» **PROBLEM TO SOLVE**:
What you output must match the entries exactly, apart from the pictures, which are left out.

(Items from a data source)
☆ ☆ ☆
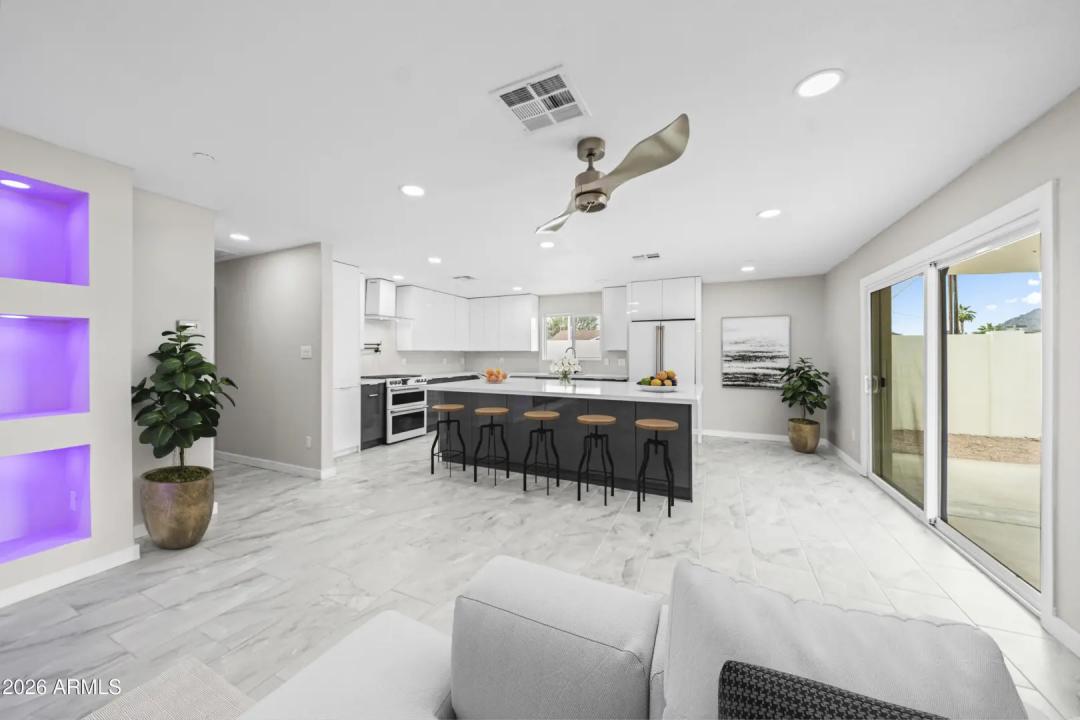 Real Estate Picture 2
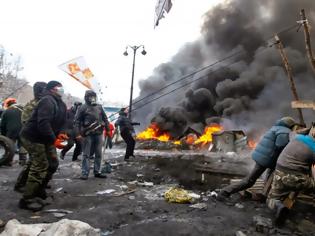 Φωτογραφία για Δεκάδες άνδρες οπλισμένοι με Καλάσνικοφ στην Ουκρανία
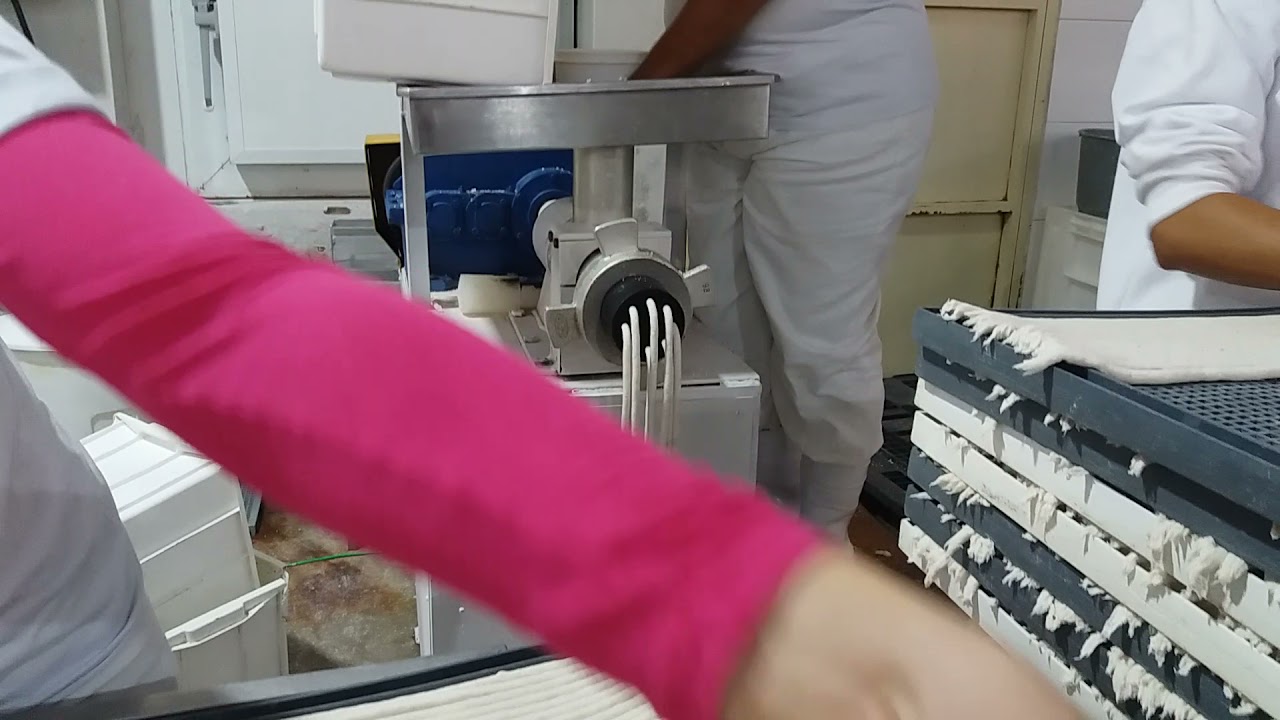 EXTRUZORA PARA PRODU&Ccedil;&Atilde;O DE PALITOS PET.
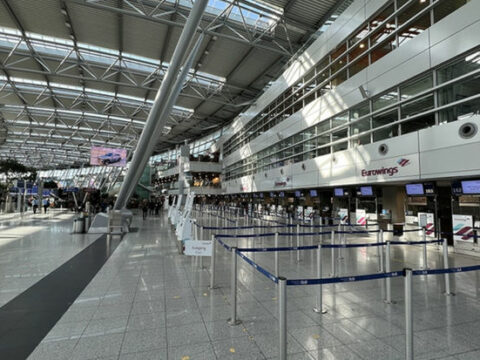 Almaniya və İsveçrədə çox sayda uçuşlar təxirə salınıb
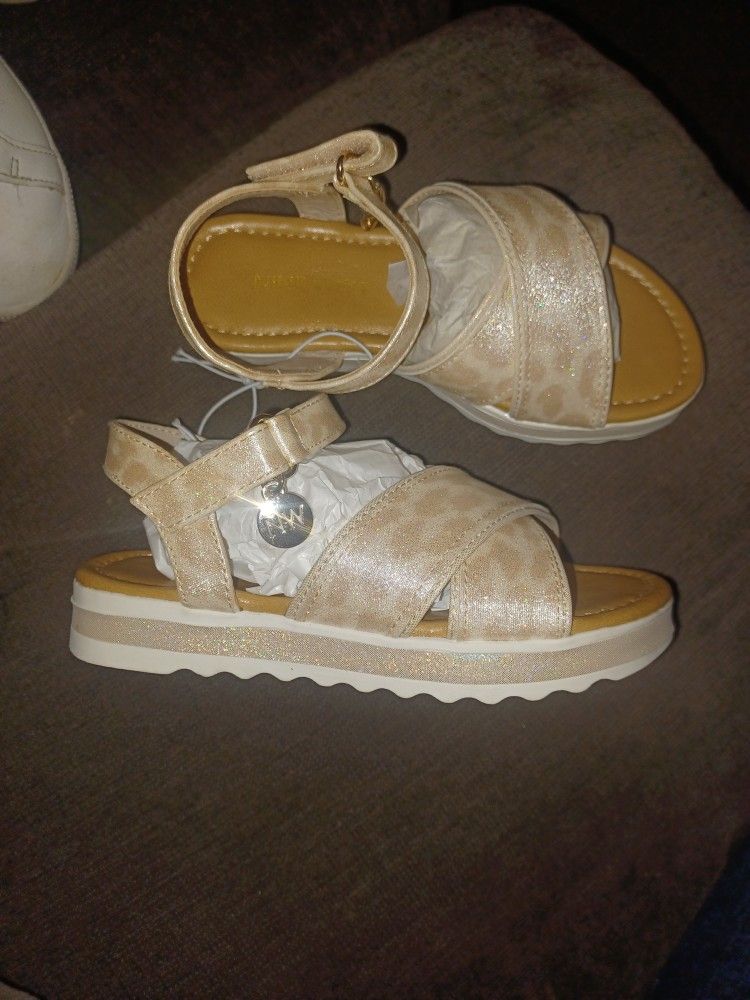Kids Sandles Girls Size 11c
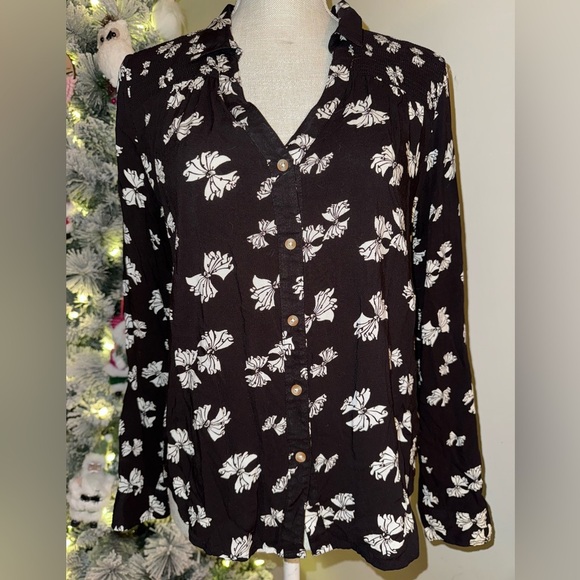 Maeve Anthropologie Emory Black White Bow Print Button Down Blouse Shirt Size 8 - Picture 1 of 7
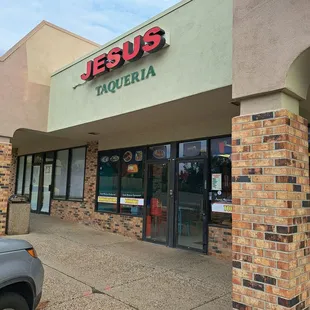 Front of store connected to a Plaza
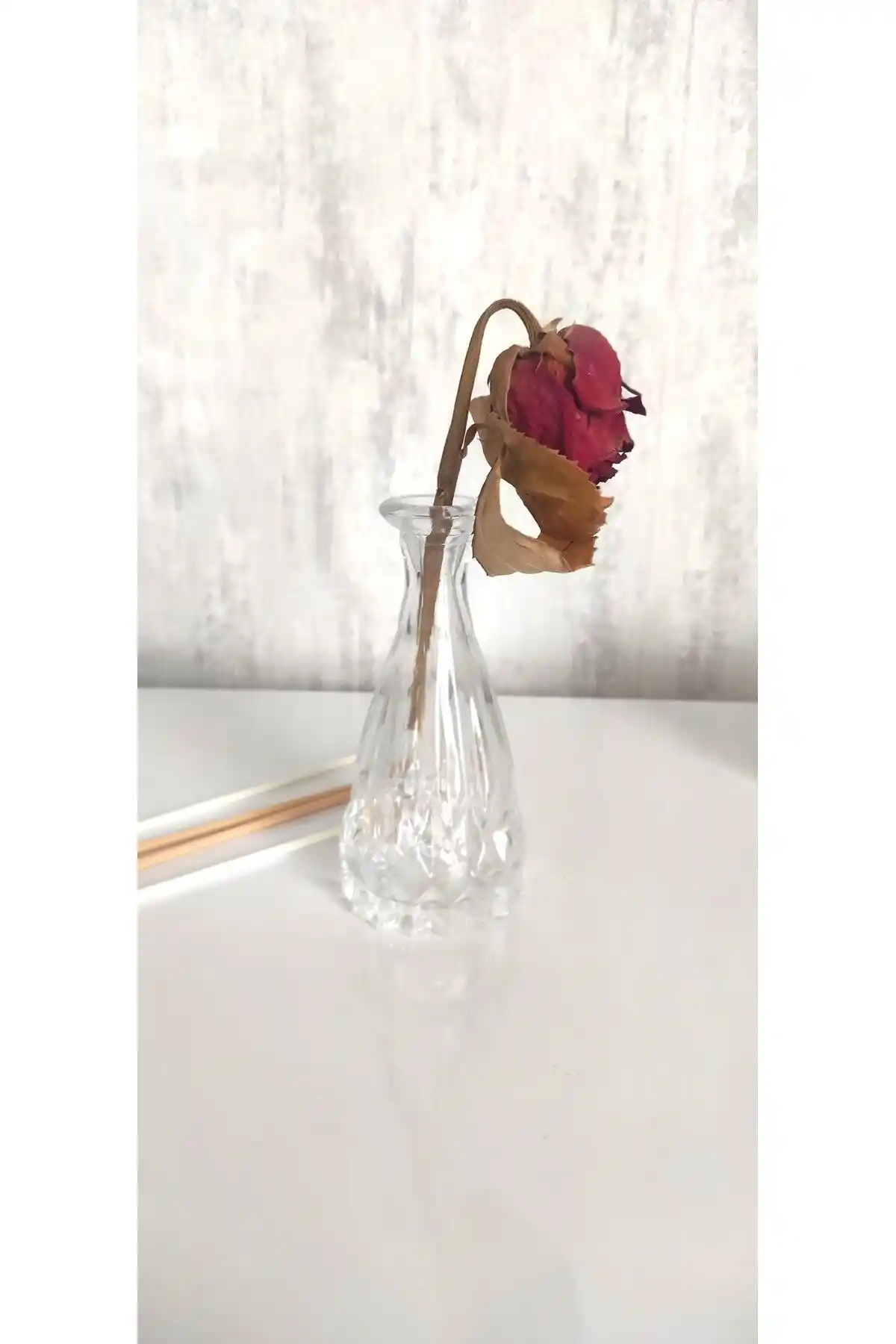 Minik Cam Vazolar ile Dekorasyonda Zarif ve Çok Yönlü Detaylar Yaratın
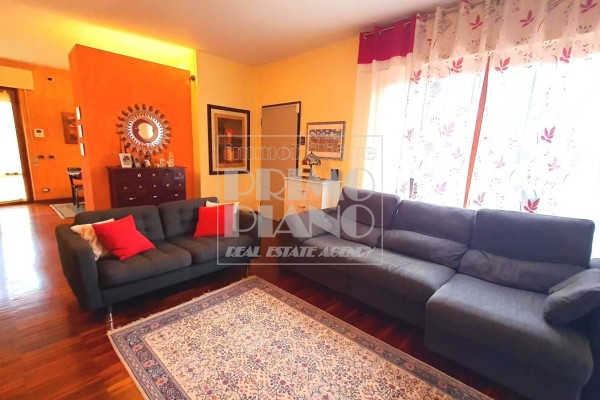 Apartment For Sale In Lucca
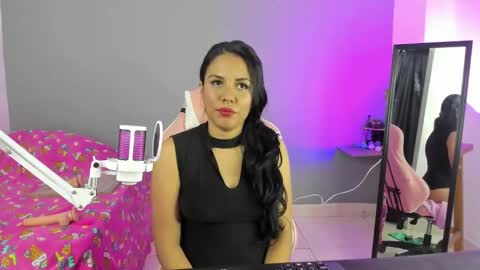 Nicol sanchez online show from 02-09-25, 09:47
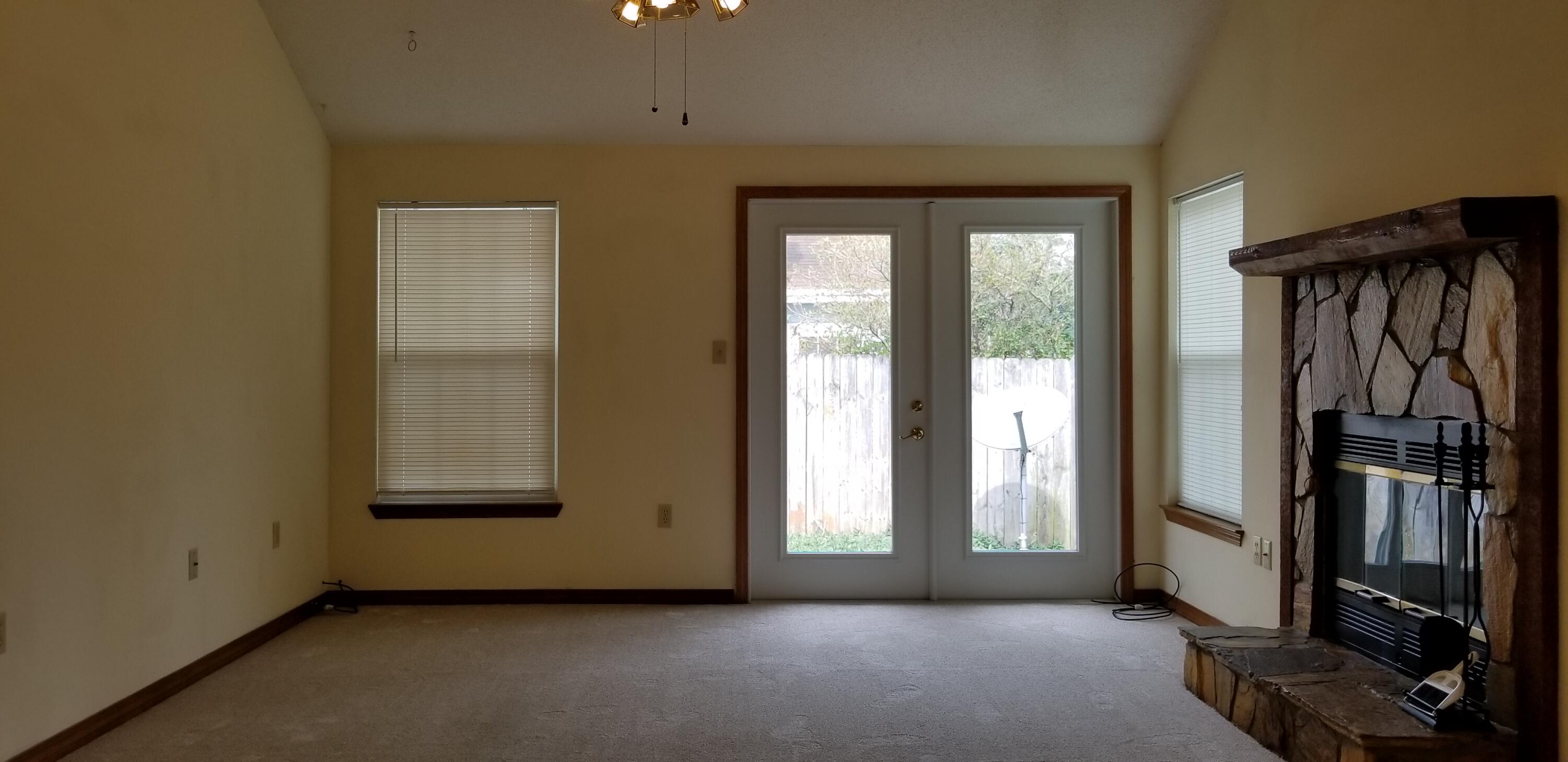 CANTERBURY WOODS - Residential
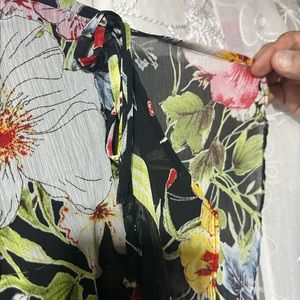 Colorful comfortable flowy top​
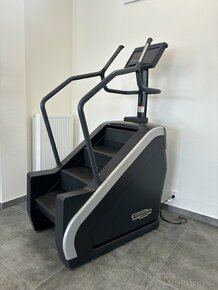 Technogym 1000LCD stepmill LIVE - schodový trenažer - 14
☆ ☆ ☆
» **ANSWER BOX**:
 Real Estate Picture 2
 Φωτογραφία για Δεκάδες άνδρες οπλισμένοι με Καλάσνικοφ στην Ουκρανία
 EXTRUZORA PARA PRODU&Ccedil;&Atilde;O DE PALITOS PET.
 Almaniya və İsveçrədə çox sayda uçuşlar təxirə salınıb
Kids Sandles Girls Size 11c
 Maeve Anthropologie Emory Black White Bow Print Button Down Blouse Shirt Size 8 - Picture 1 of 7
 Front of store connected to a Plaza
 Minik Cam Vazolar ile Dekorasyonda Zarif ve Çok Yönlü Detaylar Yaratın
 Apartment For Sale In Lucca
 Nicol sanchez online show from 02-09-25, 09:47
 CANTERBURY WOODS - Residential
 Colorful comfortable flowy top​
 Technogym 1000LCD stepmill LIVE - schodový trenažer - 14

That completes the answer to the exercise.